Pocos son los seres humanos que no querrían complacer al menos a otra persona, pues de la aceptación, la protección y el afecto de los demás dependemos para vivir, desde el tiempo de las cavernas. 

No obstante, esta necesidad instintiva de complacer puede ser acrecentada, hasta convertirse en una patología, por experiencias dolorosas de la infancia, como el amor condicionado, el abandono o el maltrato.

Se le suma además otra necesidad de carácter egótico, de la que absolutamente nadie escapa, pues nos permite manipular en lugar de “rogar”: parecer buenos ante los demás. 

¿Por qué sentimos culpa cuando le negamos algo a alguien? Por miedo a que nos hagan lo mismo, porque ya no somos buenos según los cánones de una distorsionada moral social de origen religioso, o por las dos cosas. 

Si hemos pasado la vida tratando de complacer a otros es porque nunca lo conseguimos… ni lo conseguiremos. Decía Richard Feynman, físico-teórico estadunidense, pionero de la mecánica cuántica: “No tengo la responsabilidad de ser como los demás esperan que sea. Es su error, no mi defecto”. 

El hecho de que continuemos intentándolo, olvidándonos incluso de nosotros mismos, se debe a que la interacción complacencia-insatisfacción es la única manera que conocemos de obtener lo que necesitamos, o eso creemos. 

Complacer siempre implica obtener algo a cambio. Mientras más grande la carencia, mayor la complacencia y más frecuente la relación con personas que nos hacen sentir que complacerlos es nuestro deber eterno. Y mientras más tratamos de agradar, más abusan. 

Los insatisfechos crónicos sufrieron seguramente las mismas carencias en la infancia que los complacientes, pero con mayor carga de control, que les impidió tomar decisiones propias, y muy frecuentemente sobreprotección, que los hizo sentir merecedores de todo esfuerzo ajeno. 

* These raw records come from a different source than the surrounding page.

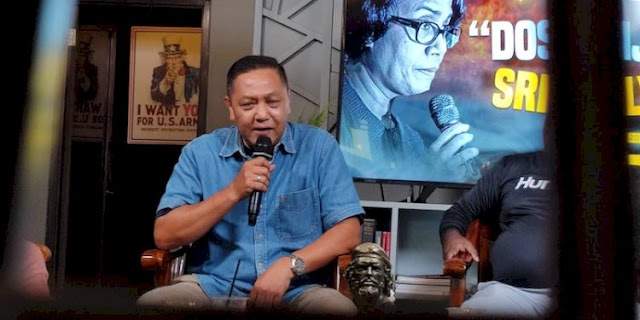 Adhie Massardi: Lebih Besar Dosa Bocorkan Informasi atau Nyolong Uang Negara?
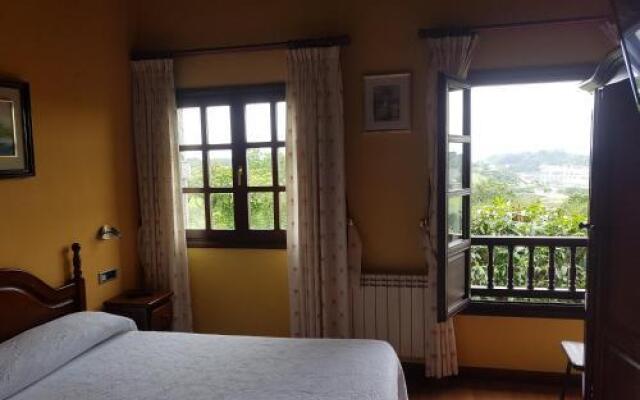 Hotel Rural La Curva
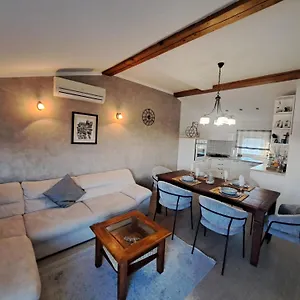 apartman-lucia.hotelinzadar.com/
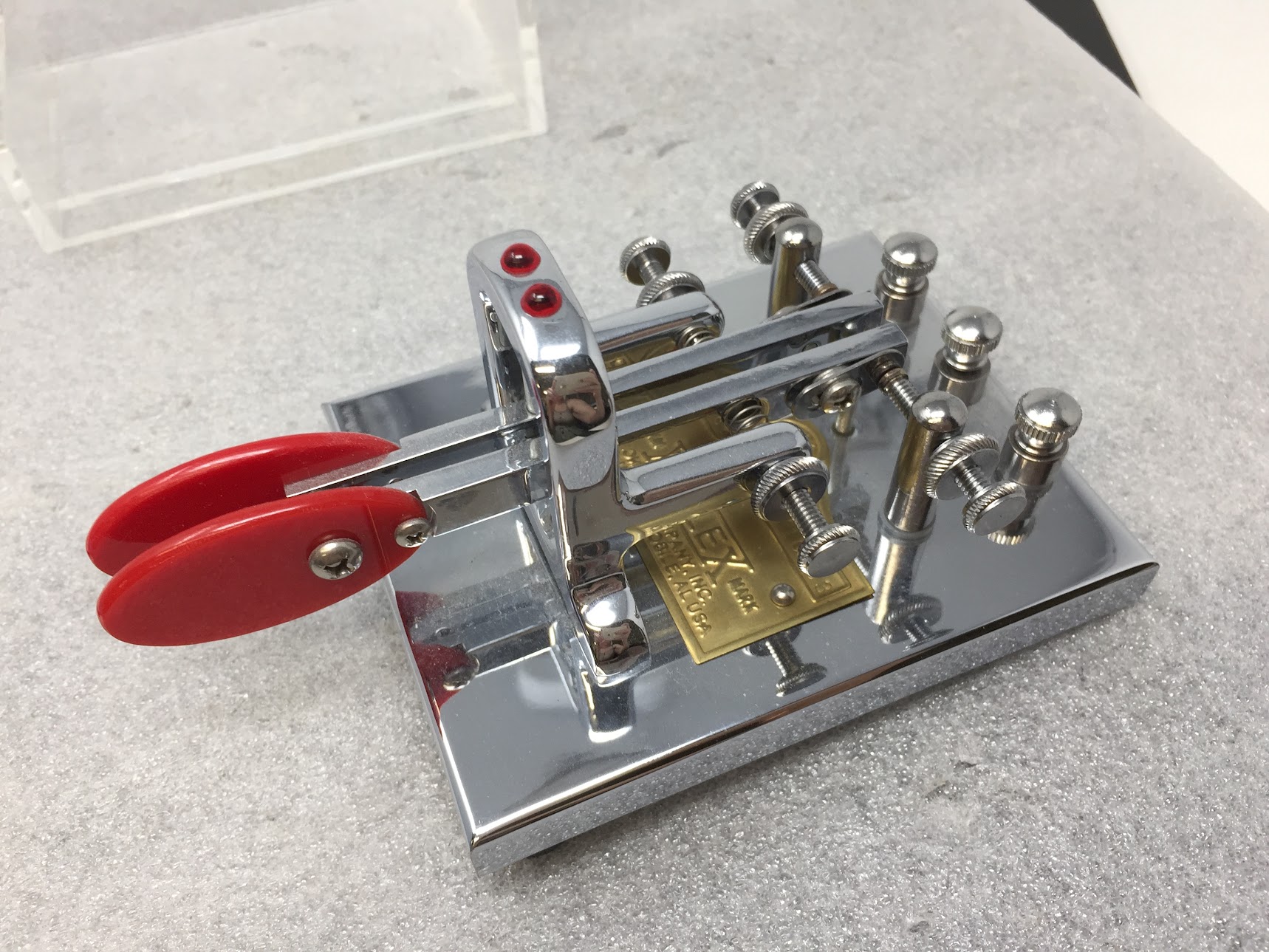 VIBROPLEX IAMBIC DEL Chrome Keyer with Dust Cover - Image 8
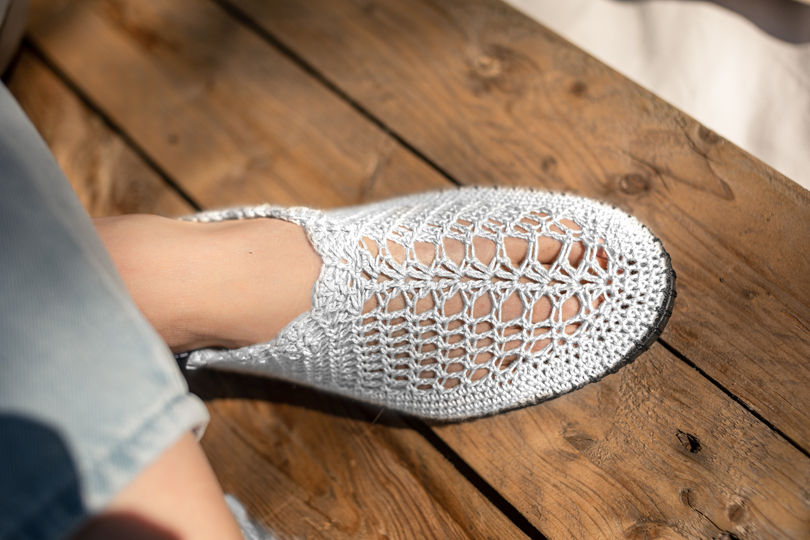 C407 Véronique - Häkelbotties mit sommerlichem Lochmuster, Häkelschuh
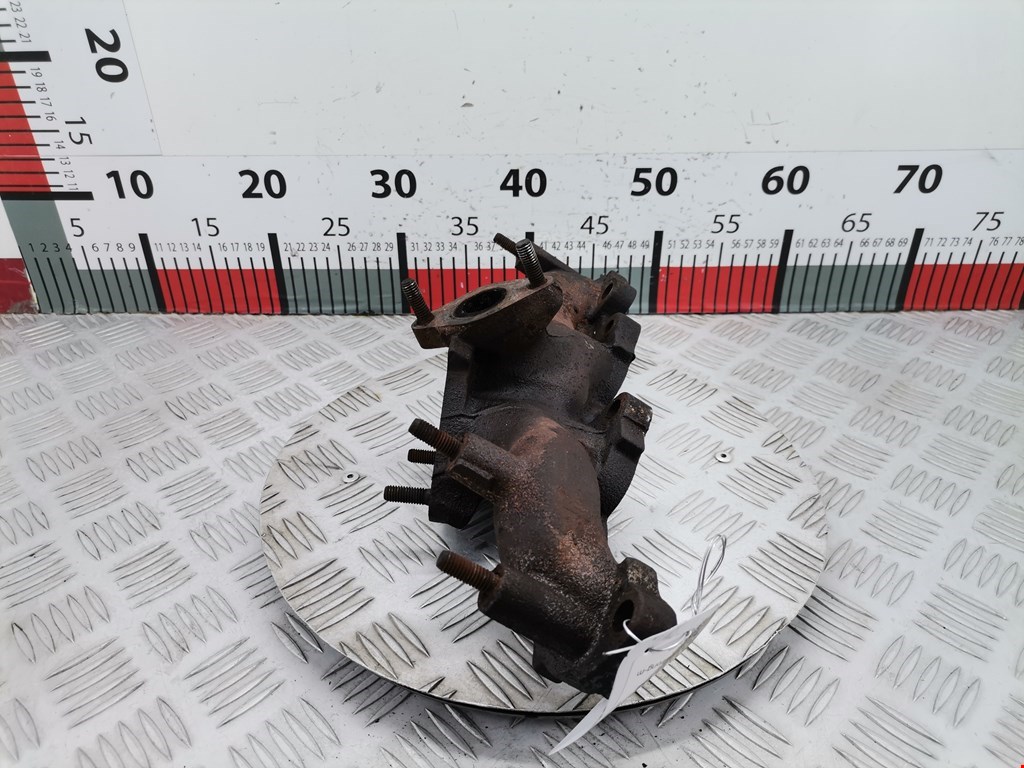 Коллектор выпускной AUDI A6 C6 2004-2010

Sin embargo, la carencia de fondo es la misma: amor; igual que el miedo: ser lastimado. Por eso, el insatisfecho crónico puede convertirse en un complaciente y viceversa, según la persona con la que se relacione. Son las dos caras de la misma moneda.

Se concibe generalmente al complaciente como el dócil del binomio codependiente, y no tiene que ser así. En muchas ocasiones es la parte dominante, la que decide a dónde y cuándo se va, qué y cómo se hace. Impone para complacer; por tanto, se acostumbra a exigir abiertamente lo que quiere a cambio. 

El complaciente dócil, en cambio, solo espera calladamente que el insatisfecho crónico sepa, “adivine”, lo que necesita, lo cual no es por cierto muy difícil: todos creemos dar lo que necesitamos y en la medida en que lo necesitamos, lo cual es en realidad un autoengaño, porque no podemos dar lo que no tenemos. 

Damos edulcorantes, sustitutos, y cuando los recibimos de retorno, evidentemente nos quedamos insatisfechos. No reconocemos en eso que nos dan lo que esperábamos.

Ahí está, el hilo conductor de la complacencia a la insatisfacción y viceversa: nadie está en posición de dar ni recibir lo que exige, porque no lo conoce. Solo hay un intercambio de carencias.

Si conociéramos de primera mano el amor, la bondad, la generosidad, la gratitud, sabríamos que en realidad no hay manera de darlos sin recibirlos ni recibirlos sin darlos. 

El gran secreto es que, para “crear” esos milagros internos, sí tenemos que recibirlos antes de alguien; es decir, conocerlos de afuera para adentro. Solo que llegarán de quien menos lo esperemos, pero pasarán de largo si, en lugar de estar receptivos, nos empecinamos en exigir lo que queremos exactamente de quien lo queremos, personas que seguramente –pensaremos— están en deuda con nosotros tras tanta infructuosa complacencia.

En esto consisten la ceguera de la complacencia y la autoesclavitud de complacer.